Accordingly, the motion to remand is granted.
In the event the Court granted the motion to remand, Kamal-Hashmat seeks an award of
attorney’s fees and costs. See 28 U.S.C. § 1447(c) (“An order remanding the case may require
payment of just costs and any actual expenses, including attorney fees, incurred as a result of the
removal.”). “Absent unusual circumstances, courts may award fees under § 1447(c) only where
the removing party lacked an objectively reasonable basis for seeking removal.” Martin v. Franklin
Capital Corp., 546 U.S. 132, 141 (2005). Given that the state of the law on the bad faith exception
to Section 1446(c)(1) is still unsettled, the Court finds that Loews did have an objectively reasonable
basis for seeking removal. Thus, Kamal-Hashmat’s request for fees and costs is denied.

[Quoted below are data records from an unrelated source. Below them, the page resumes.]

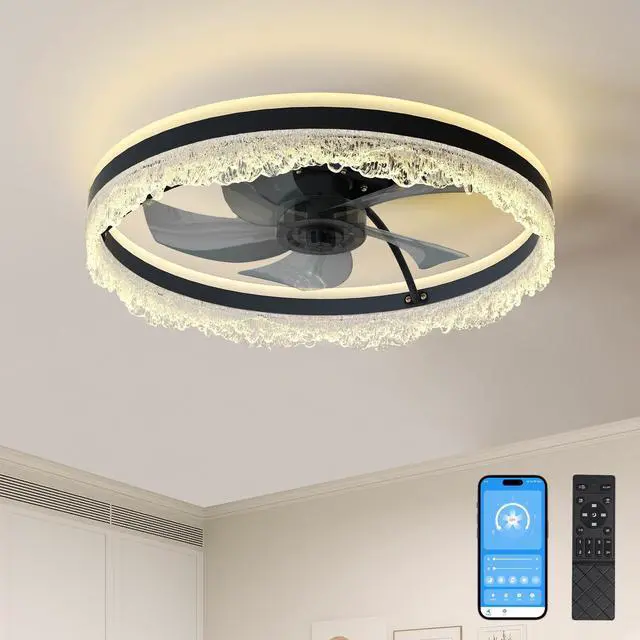 Main image of 20" Smart Silent Ceiling Fan with Light Crystal Flush Mount Led Fan Lamp with Hidden Blades and Natural Airflow System, Designed for Bedroom, Kids' Room and Study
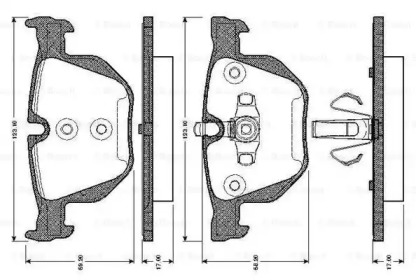 Комплект тормозных колодок 0 986 TB3 024 BOSCH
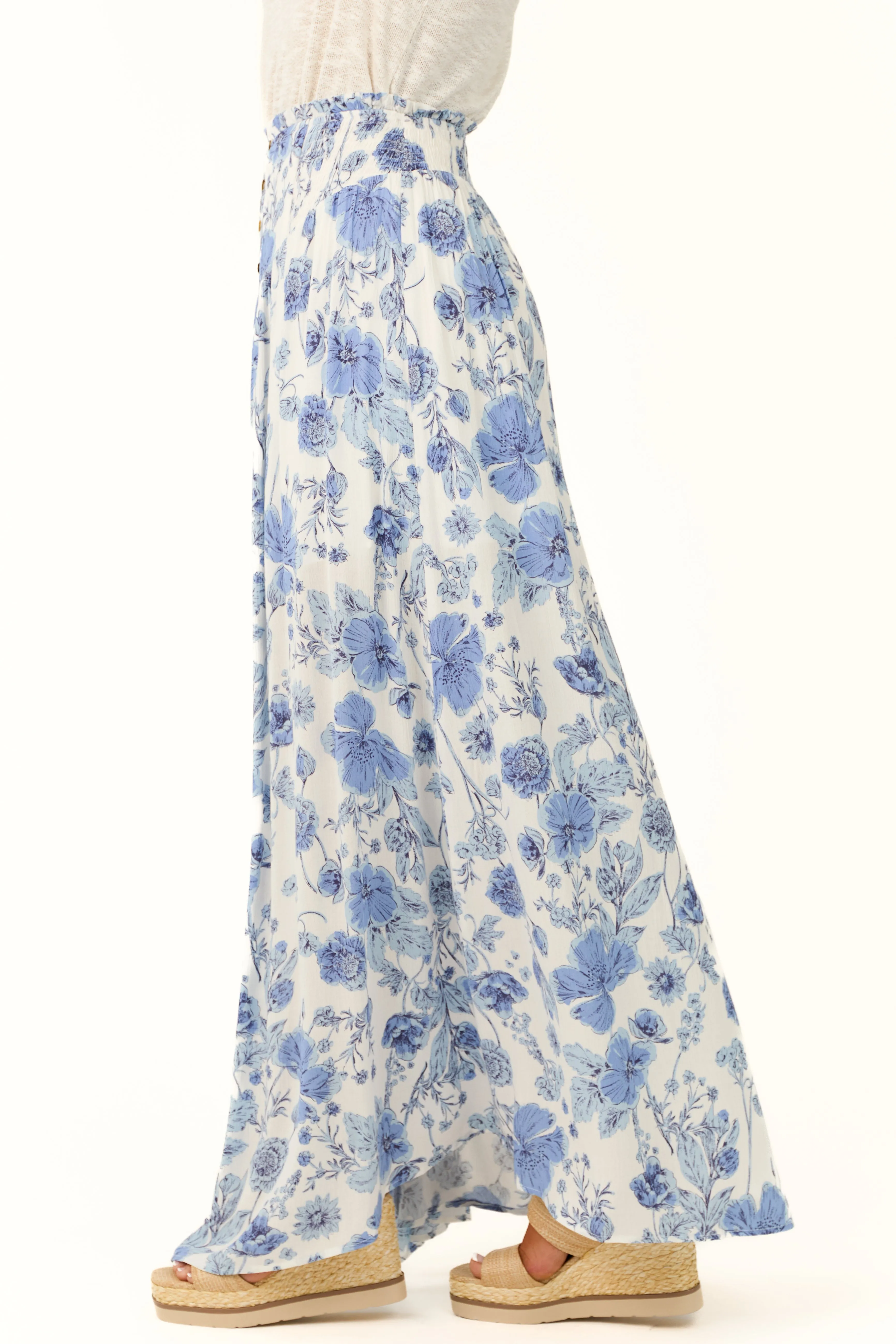 Ivory Floral Print Smocked Waist Maxi Skirt sold by Lime Lush product image thumbnail 3
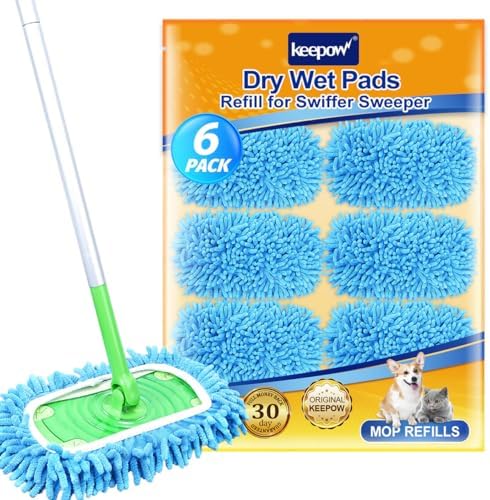 KEEPOW Reusable Microfiber Mop Pads 6 Pack 1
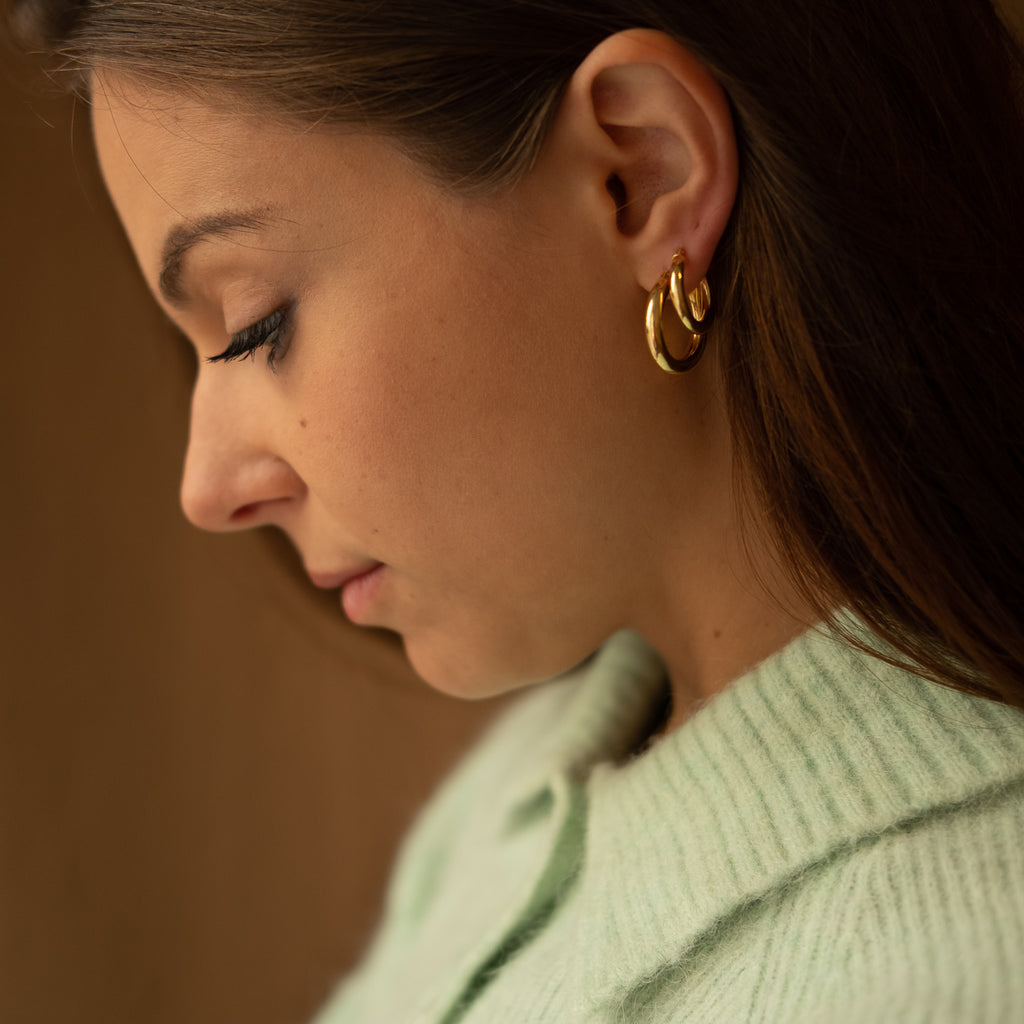 Chunky Hoop Earrings - Small - Gold-Plated Silver - Sister the brand
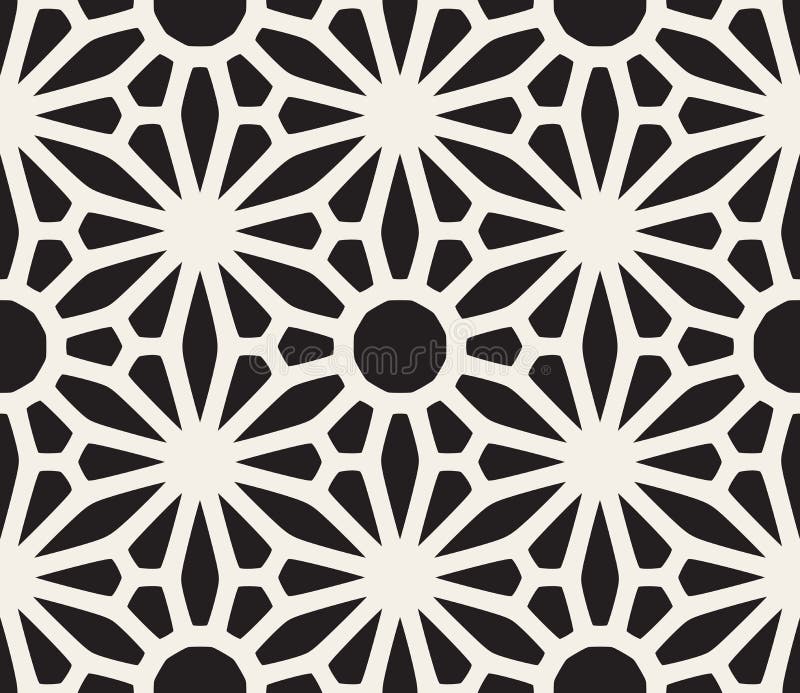 Vector naadloos zwart-wit kant bloemenpatroon stock illustratie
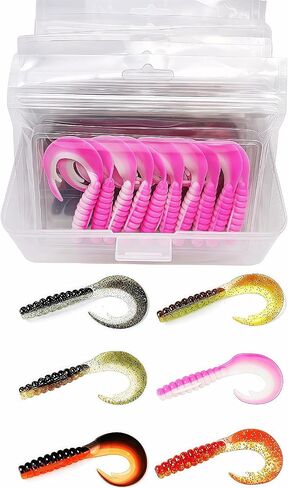 Soft Fishing Lures Curly Tail Grub Kit | High-Vibration Soft Baits for Bass/Crappie/Walleye/Sunfish, 6 Colors Grub Lures for Jigs,Set of 2.2in-90Pack /2.95in-60Pack Optional in Kuwait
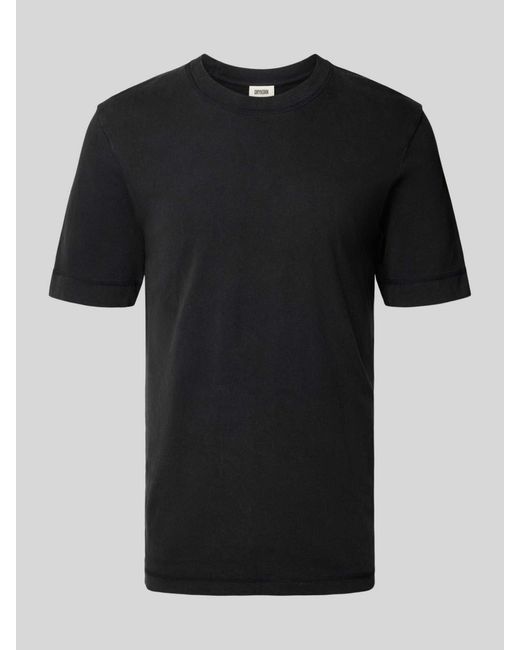 Drykorn T-shirt Met Geribde Ronde Hals in het Black voor heren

Based on the foregoing, it is ORDERED AND ADJUDGED that the Plaintiff’s Motion
for Remand [ECF No. 26] is GRANTED. This action is REMANDED in its entirety to the Circuit
Court of the Eleventh Judicial Circuit in and for Miami-Dade County, Florida.
IT IS FURTHER ORDERED that the Plaintiff’s request for an award of attorney’s fees
and costs, pursuant to 28 U.S.C. § 1447(c), is DENIED.
This action is CLOSED.
DONE AND ORDERED in Chambers at Miami, Florida, this 27th day of January, 2017.